Eklat um den Ibiza-U-Ausschuss: Die beiden Koalitionsparteien ÖVP und Grüne werden heute Teile jenes Begehrens beeinspruchen, mit dem SPÖ und Neos den Ibiza-U-Ausschuss einsetzen wollten. Grünen-Klubchefin Sigrid Maurer begründet das Bremsen mit Formalfehlern.
Postenschacher. Postenbesetzungen bei ÖBAG oder Nationalbank sowie Ermittlungen zu Ibiza könnten somit nicht untersucht werden, monieren die Neos. Der Ausschuss werde damit auf die Causa Casinos beschränkt. Die Grünen würden der ÖVP aus Koalitionsräson "die Mauer machen". Folge: Der Ausschuss kann zwar starten und auch schon Akten bestellen. Die Entscheidung liegt jetzt beim Verfassungsgericht, das kann vier Wochen dauern.
Scharfe SPÖ-Kritik
Scharfe Kritik am Vorgehen der Regierung äußerte am Mittwoch SPÖ-Chefin Pamela Rendi-Wagner. „Es geht einzig um ein Kalkül: Die ÖVP soll in diesem U-Ausschuss so gut wie nicht untersucht werden“, so die Parteichefin im Ö1-Morgenjournal. Es gelte, im Ausschuss die politische Verantwortung zu klären: „Sind Straches Ankündigungen im Ibiza-Video mithilfe der ÖVP in der schwarz-blauen Bundesregierung auch in Taten gemündet worden?“, so Rendi-Wagner weiter.

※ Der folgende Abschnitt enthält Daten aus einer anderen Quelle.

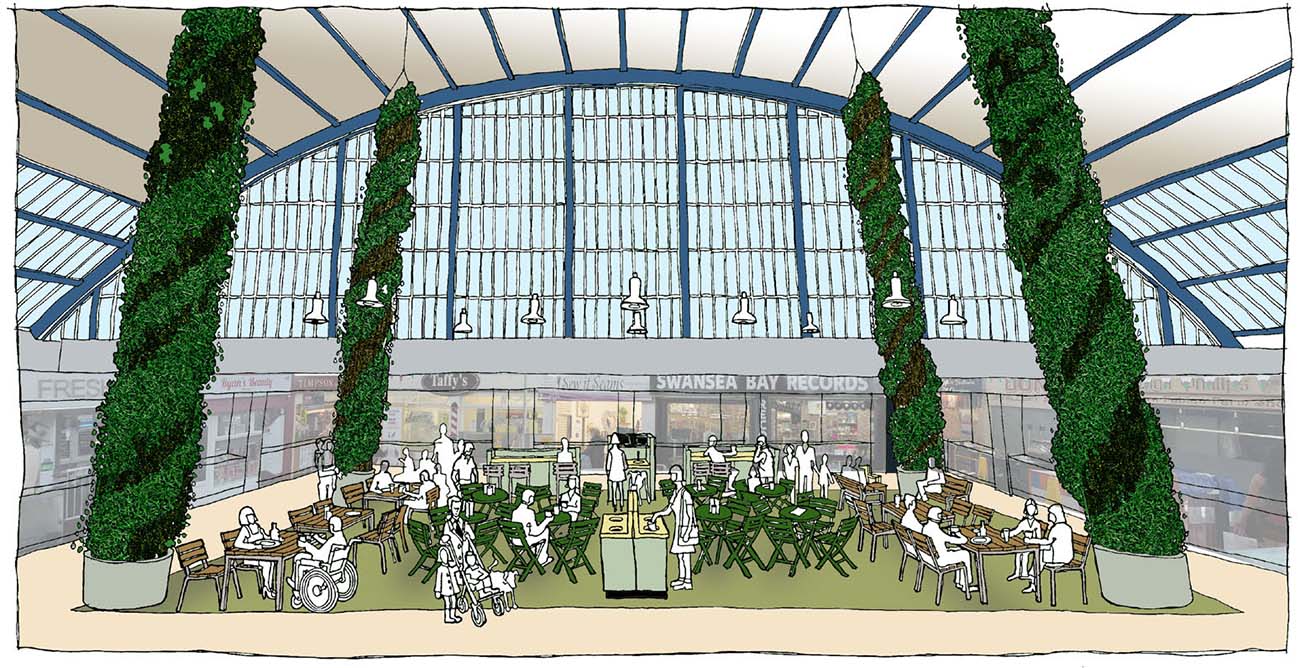 Event venue at Swansea Indoor Market with modern design and lush greenery for weddings.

Rendi-Wagner zeigt sich vor allem von den Grünen enttäuscht. „Sie treten ihre Werte hier mit Füßen.“ Die SPÖ-Chefin will jetzt den Gang zum Verfassungsgerichtshof „auf jeden Fall gehen“.
Auch FPÖ empört
Auch die FPÖ zeigt sich über das Vorgehen der Koalition beim U-Ausschuss zur Casinos-Affäre verwundert. Der Abgeordnete Philipp Schrangl begrüßte daher in einer Aussendung, dass nun der VfGH mit der Angelegenheit befasst werde.
Die Freiheitlichen treten explizit dafür ein, dass auch die sie betreffende Ibiza-Affäre untersucht wird. Alleine der Wunsch, Punkte wie diesen aus der Untersuchung auszuschließen, werfe ein merkwürdiges Licht auf die Regierungsparteien und insbesondere auf die sonst so an parlamentarischer Aufklärung interessierten Grünen, meint Schrangl.

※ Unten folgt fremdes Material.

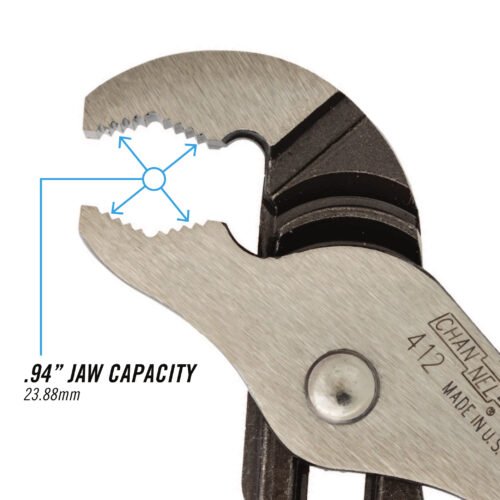 Channellock 6.5" Tongue & Groove, V-Jaw 412 — gripping pipe fittings plumbing repairs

VfGH entscheidet über Tempo selbst
Es liegt nun in den Händen des Verfassungsgerichtshofes (VfGH) zu entscheiden, ob die von SPÖ und NEOS für einen Untersuchungsausschuss beantragten Themen zur Gänze erörtert werden können. Wie lange das Höchstgericht für seine Entscheidung braucht, ist letztlich Sache der Richter.
Fix ist, dass die Beschwerde gegen die Zusammenstreichung des Untersuchungsgegenstands innerhalb von zwei Wochen eingebracht werden muss. Dann kommt der VfGH zum Zug und ist gesetzlich angehalten, möglichst innerhalb eines Monats zu entscheiden. Verpflichtet ist er dazu nicht. Wörtlich heißt es im Verfassungsgerichtshofgesetz: "Der Verfassungsgerichtshof entscheidet auf Grund der Aktenlage ohne unnötigen Aufschub, tunlichst aber binnen vier Wochen."
Die Grünen gehen nun davon aus, dass die Verzögerung, sollte der ursprüngliche Untersuchungsgegenstand überhaupt zugelassen werden, wohl nur sechs Wochen dauern wird. Die SPÖ vermutet, dass der VfGH für die Prüfung ein wenig länger brauchen könnte. Die "tunlichst"-Formulierung gibt den Höchstrichtern ja jeden erdenklichen Spielraum und der Verfassungsgerichtshof ist nicht dafür bekannt, sich zeitlich gerne unter Druck setzen zu lassen.
Sollte der Gerichtshof SPÖ und NEOS folgen, werden die Auswirkungen des heutigen türkis-grünen Einspruchs gering sein. Einzig, dass die Akten ein wenig später angefordert werden könnten, wäre ein gewisser Nachteil.
Im U-Ausschuss selbst haben ÖVP und Grüne übrigens auch eine knappe Mehrheit. Die Volkspartei ist mit fünf Mandataren repräsentiert, der Koalitionspartner mit zwei. Auf der anderen Seite stehen drei Rote, zwei Blaue und eine pinke Ausschuss-Vertreterin.